To do >>
Would you output all the lines below precisely as they stand, leaving each picture out?

Information supplied >>
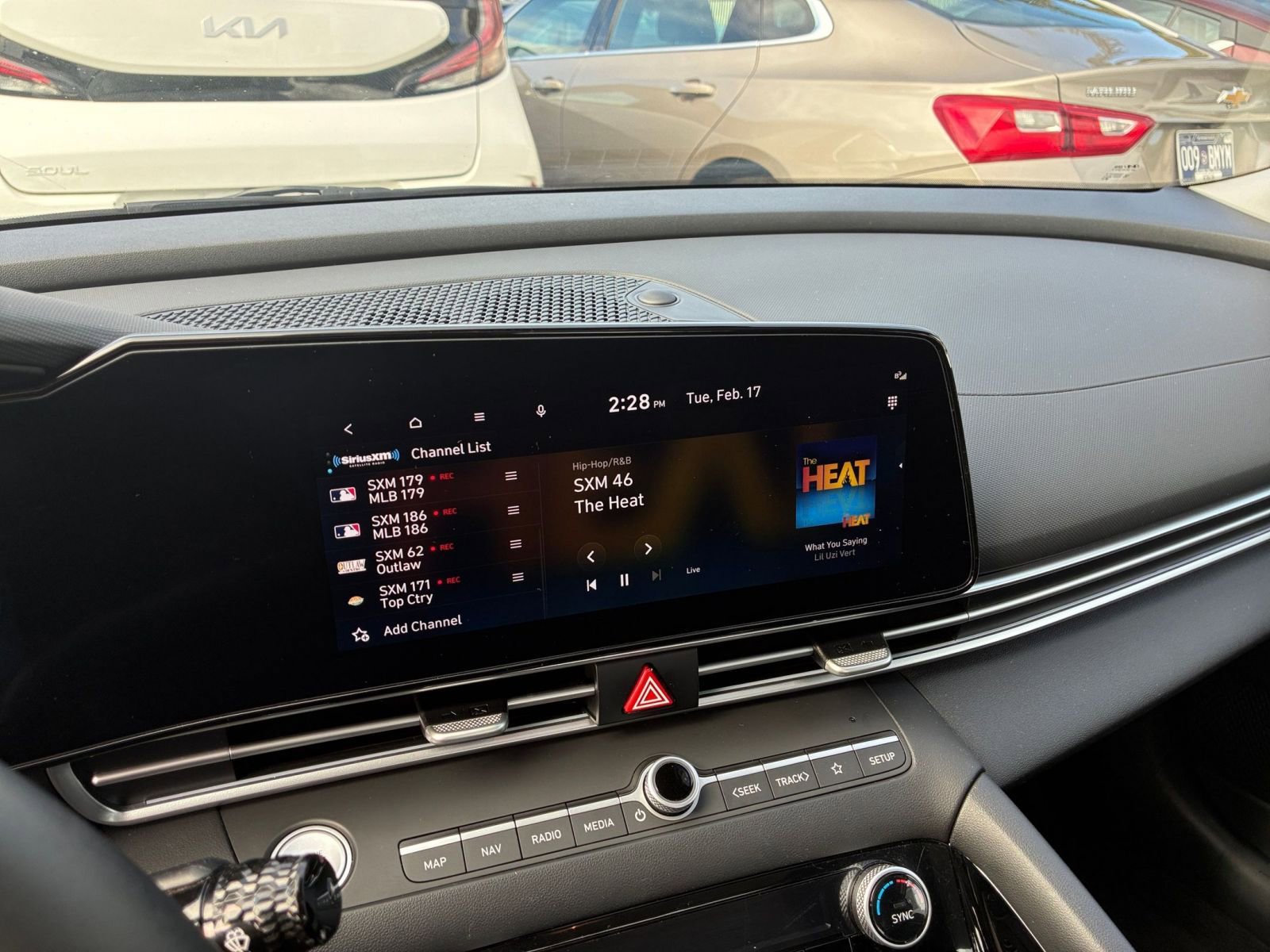 Used 2025 Hyundai Elantra Limited FWD image 21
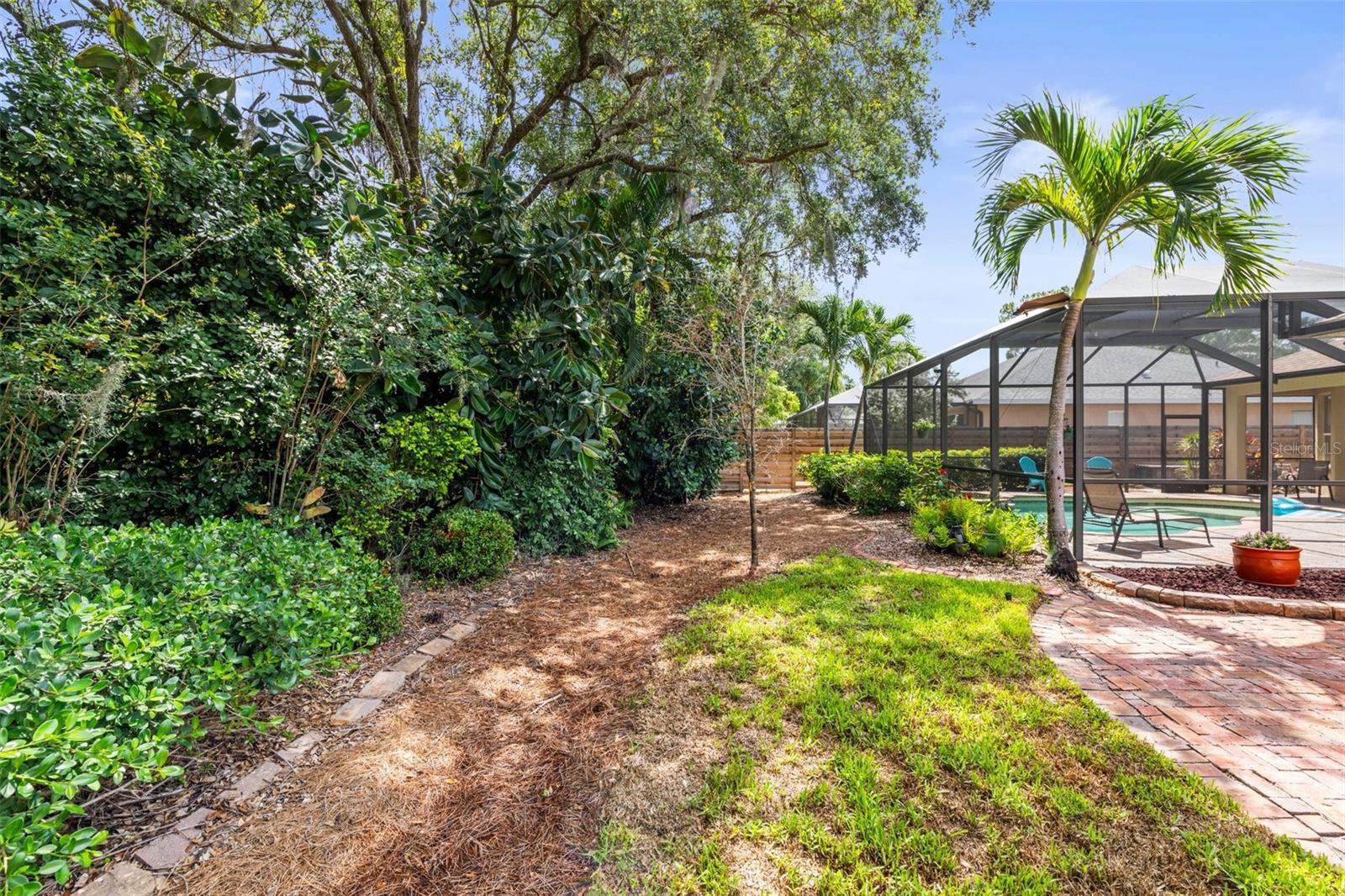 THE OAKS AT WOODLAND PARK PH 2 - Residential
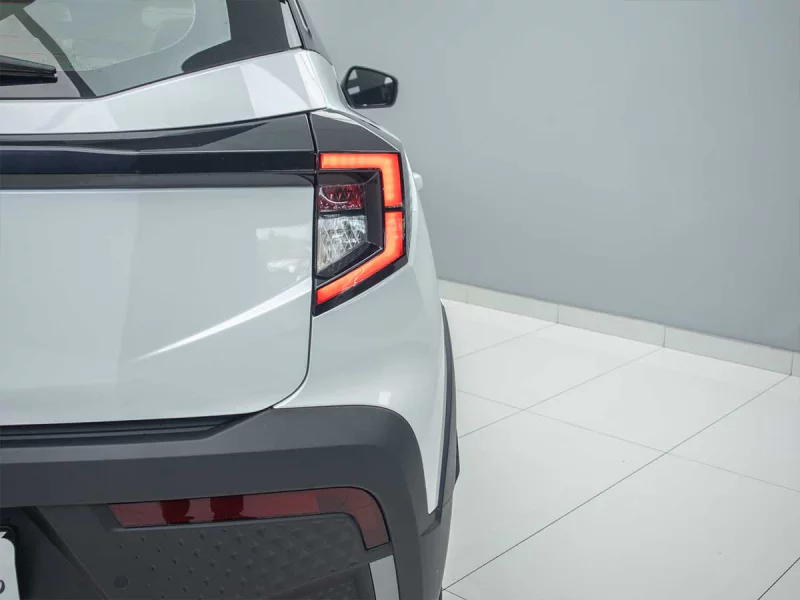 Vehicle Image for 19/46for Mahindra XUV3X0 1.2 MX2 AT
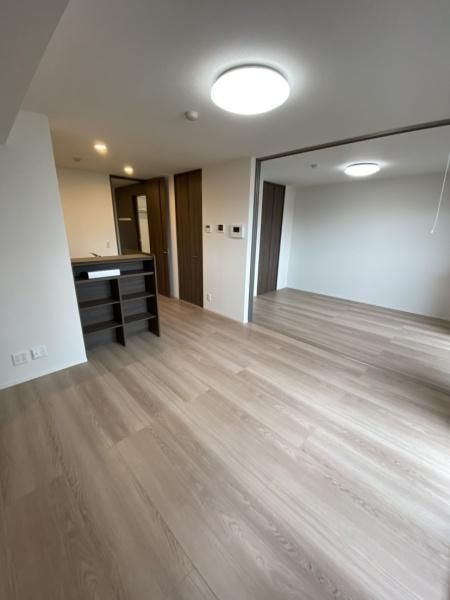 �y�����E���r���O�z�@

Exercise output >>
 Used 2025 Hyundai Elantra Limited FWD image 21
 THE OAKS AT WOODLAND PARK PH 2 - Residential
 Vehicle Image for 19/46for Mahindra XUV3X0 1.2 MX2 AT
 �y�����E���r���O�z�@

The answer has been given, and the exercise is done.